» Task
Could you transcribe all of the data exactly and skip any pictures?

» Data segment
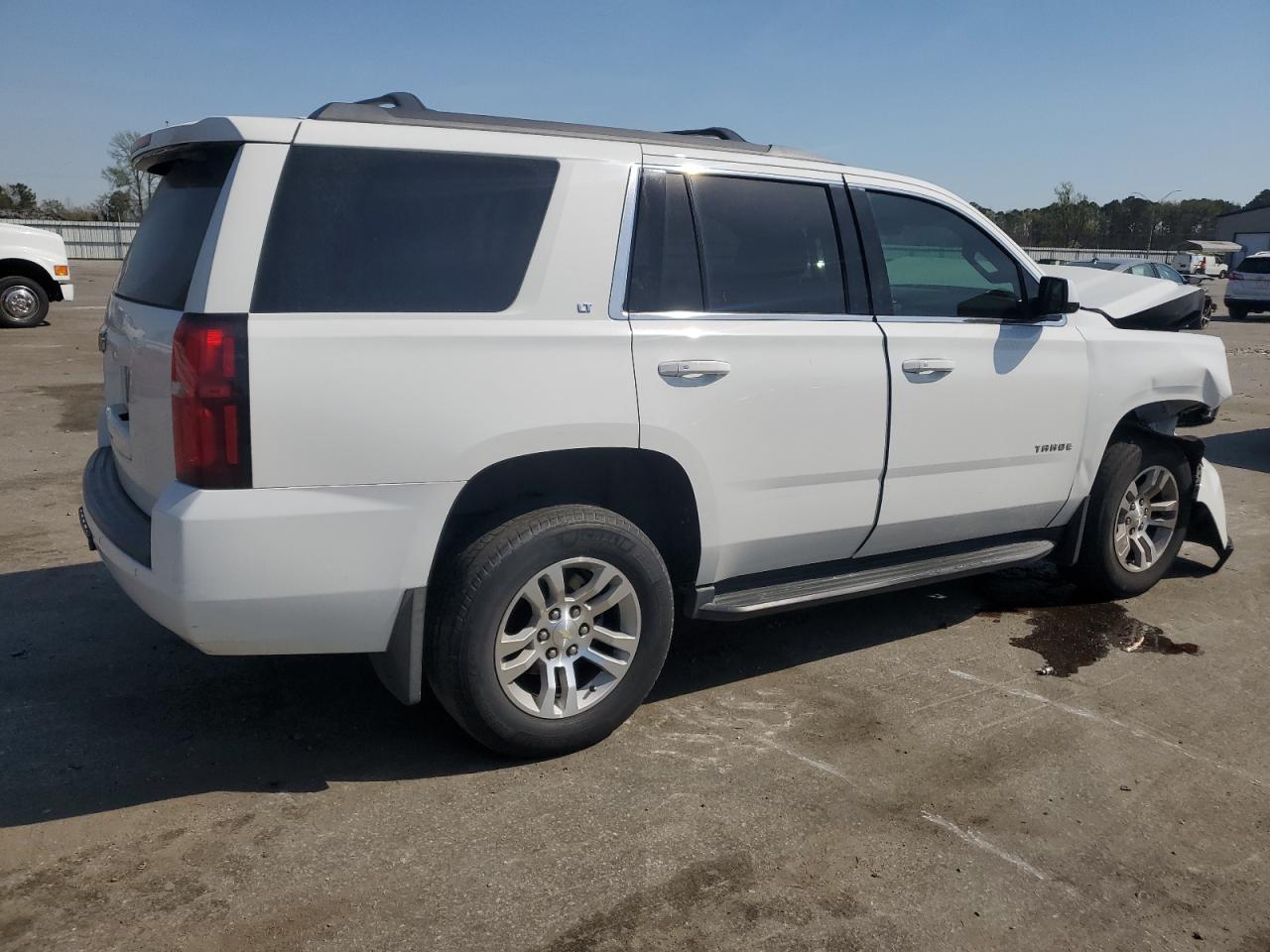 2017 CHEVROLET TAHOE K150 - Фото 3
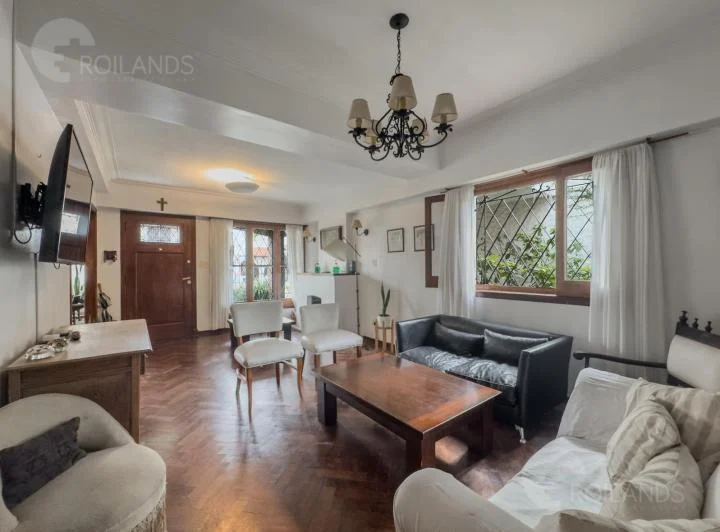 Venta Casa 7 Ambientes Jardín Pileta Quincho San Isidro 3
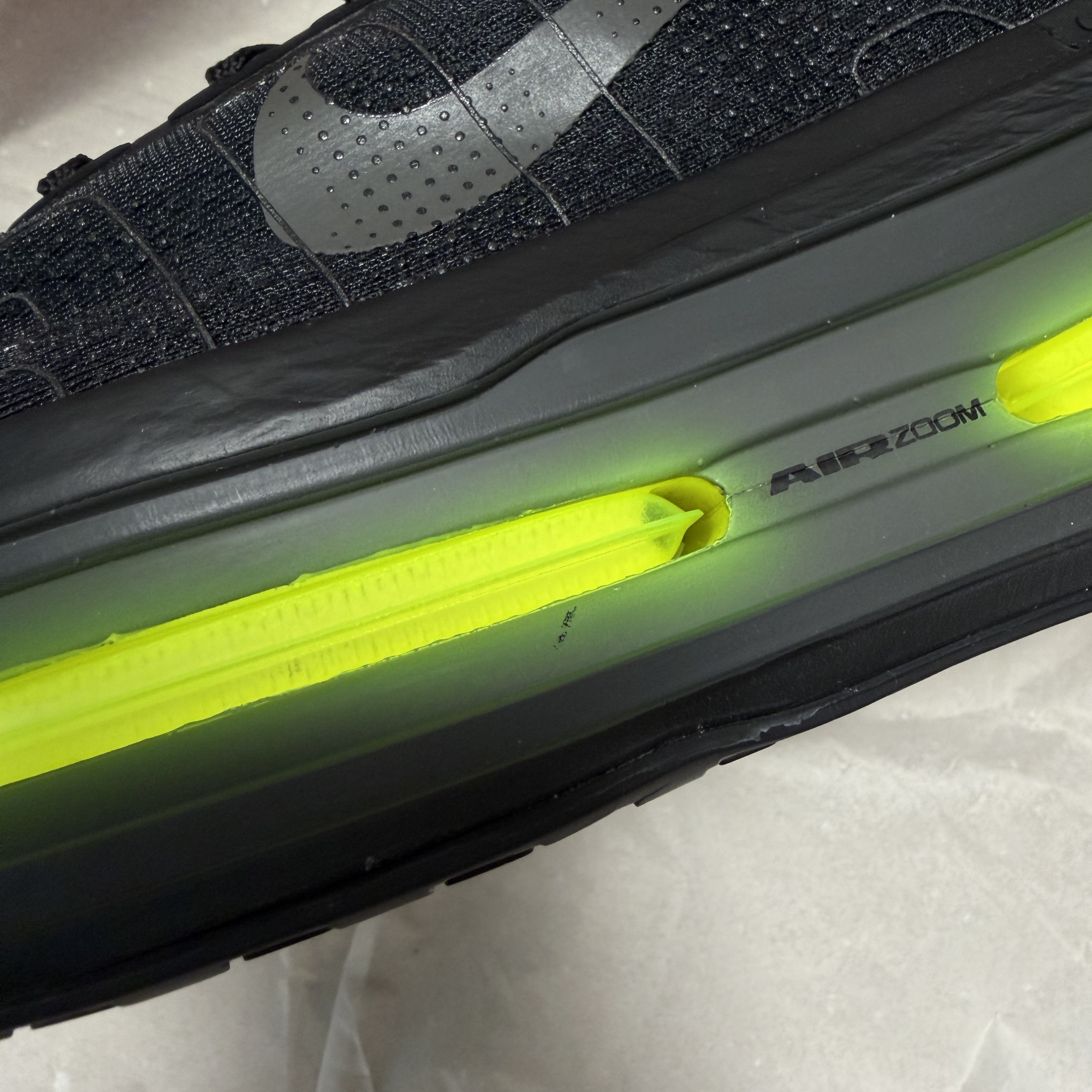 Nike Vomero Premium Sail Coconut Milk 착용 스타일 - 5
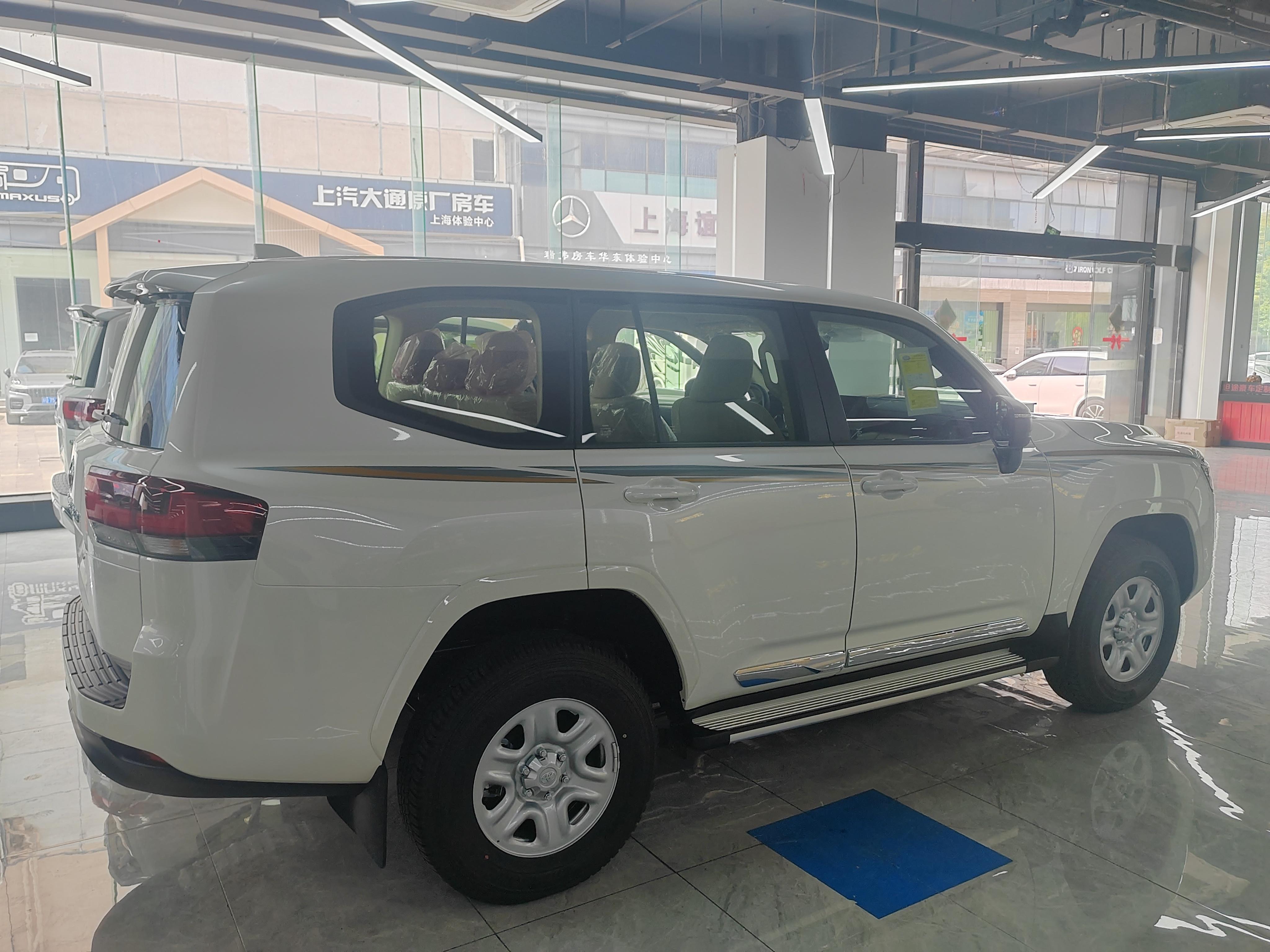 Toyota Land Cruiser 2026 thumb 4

» Solution
 2017 CHEVROLET TAHOE K150 - Фото 3
 Venta Casa 7 Ambientes Jardín Pileta Quincho San Isidro 3
 Nike Vomero Premium Sail Coconut Milk 착용 스타일 - 5
 Toyota Land Cruiser 2026 thumb 4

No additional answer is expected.